Sunday, 2 June 2013

SMWS Tasting - Sydney (May 2013) (#101drams)

How do you describe the Scotch Malt Whisky Society (SMWS)? More than just a whisky club, and certainly more than just an independent bottler, the SMWS combines the best of these, adds in publications, one-off dinners and members-only bars, and uses their global reach (12+ countries) and extensive experience (30 years) to show everyone what truly excellent cask-strength whisky is.

For those new to the SMWS concept - the independent bottler side sees them sourcing some of the best whiskies (grain and malt) from around Scotland and the world (and occasionally other spirits) in the form of single casks. They then bottle these at cask strength and sell them though the club. You might see anything from a 7 year old Islay to a 35+ year old Speysider, and while you might not know which distillery it came from (SMWS famously label their bottlings with a numerical code system and unique name only, although unofficial lists matching code to distillery exist on the Internet), you're guaranteed the whisky inside will be of an extremely high quality.

Up until a few days ago I hadn't yet joined, but last month I was lucky enough to be invited to the May tasting Sydney, by the entertaining and incredibly knowledgeable Andrew Derbidge (Cellarmaster and NSW Manager). I'd been keen to get along to one of the SMWS tastings to see what it was all about, so this was the perfect chance.

(Before I put down my hard-earned for a membership, I wanted to make sure the tastings were enjoyable and not too serious. I've been to some tastings with some excellent whisky in the past, that just felt a bit stiff, up-tight - generally not much fun. Luckily it turned out I had absolutely nothing to worry about with SMWS.)

The tasting (held at the Royal Automobile Club in Sydney, coincidentally on the same night and right next door to a dinner with PM Julia Gillard) was a change from the usual format, with all 6 whiskies being tasted blind, in competition format. Basically we were given a list of the current bottlings, a few clues about each whisky, and had to pick which was which in table groups. Points were awarded for region, ABV range, distillery and bottling, and the winning table at the end of the night walked away with a prize. Piece of cake right? Ha, not quite. We had the previous Australian champion on our table, and only managed a third place. Still, we all agreed early on that considering the whiskies on offer, there would be no losers...

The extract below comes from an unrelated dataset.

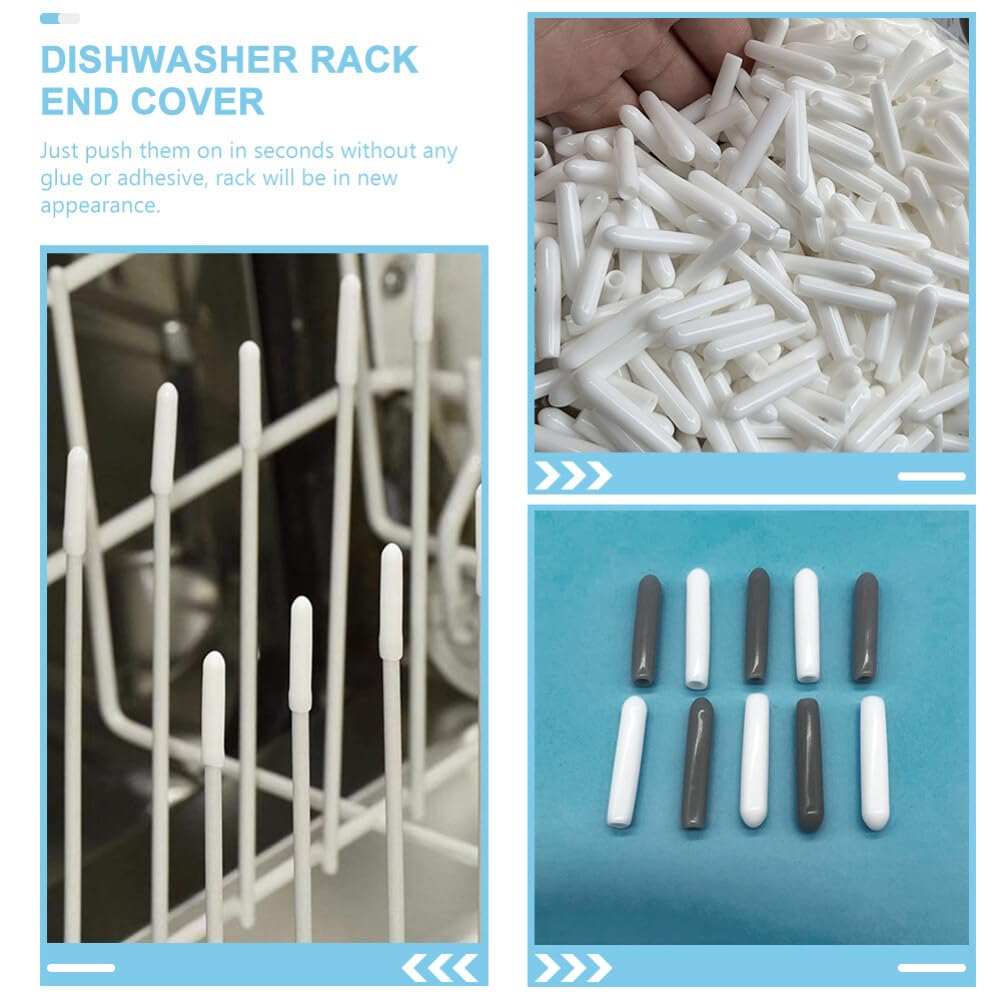 Angoily 200pcs Dishwasher Rack Prong Caps - Plastic Tine Cover Tips for Dishwasher Rack Repair - Protects Dishes & Glassware - Perfect for Kitchen, Restaurant, and Home Appliance Maintenance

After a palate cleanser of Harvey's Bristol Cream and an enjoyable introduction from Andrew, it was onto the 6 mystery whiskies...

Tasting notes:
Whisky #1 (SMWS 35.82 "Feel-good garden party dram"), a 16 year old Glen Moray (56.6% ABV) had a floral, citrus nose, a slightly spicy, still citrusy palate with a hint of chocolate, and a medium finish (apparently with some smoke, though I couldn't find it). 91/100

Whisky #2 (SMWS G10.3 "Promises sweet indulgences"), a 24 year old grain whisky (59.6% ABV) from Strathclyde Distillery (my first grain whisky, and coincidentally a #101drams dram too!). A big sherry hit on the nose at first (1st fill barrel? Nope, but seemed like it). A dash of cinnamon spice on the palate with the ABV (59.6%) clearly evident. The finish was long and very reminiscent of the breakfast cereal I eat every morning! A great entry into the world of grain whiskies for me. 90/100.

Whisky #3 wasn't one we were asked to guess. Instead, we were asked to try #3 and #4 side by side and compare. The reason (we were later told) - #3 was a Highland Park 12yo Original Bottling (40%ABV), whereas #4 was also a 12yo Highland Park, but from the SMWS (SMWS 4.170 "Evokes the magic of Orkney" at 61.5% ABV). This was a brilliant way to show what the SMWS was all about - comparing two whiskies from the same distillery, same age, but one cut to 40%, vatted for consistency and caramel-coloured, the other cask-strength, single-cask, and with no added colouring. Needless to say the SMWS Highland Park, with its strong bourbon/vanilla nose (1st fill ex-Bourbon barrel), spicy vanilla palate and long, ginger finish, was the clear winner. 89/100 for #3, 93/100 for #4 (my favourite dram of the night).

#5 (SMWS 78.40 "Tantalisingly sweet & savoury") - a 16yo Ben Nevis at 55.1% ABV showed a sherried, slightly salty nose, a complex palate with mostly sultanas and other candied fruits, and a butterscotch and vanilla pastry finish - long and enjoyable. 91/100.

Last up, #6 (SMWS 3.195 "Cigar smoking dram") - a 14 year old Bowmore at 58.5% ABV. We were expecting this to be an Islay and at least got that part right - soft peat on the nose with a touch of licorice. Vanilla on the palate, still with the peat but reduced somewhat. A medium, dry finish with the peat smoke remaining to the end, albeit certainly not in huge quantities. 90/100.

Prizes of 100mL SMWS samples were also given out throughout the night (often the only whisky if its kind in Australia) and I was lucky enough to score a sample of 2001 (12yo) Mannochmore at 61.5%.

Overall this was a great intro to the SMWS and although the format differed from their usual, I have no doubt the regular tastings are just as good. I'll no doubt be back to future tastings!

 - Martin.

TimeforWhisky attended this tasting as a guest of SMWS Australia.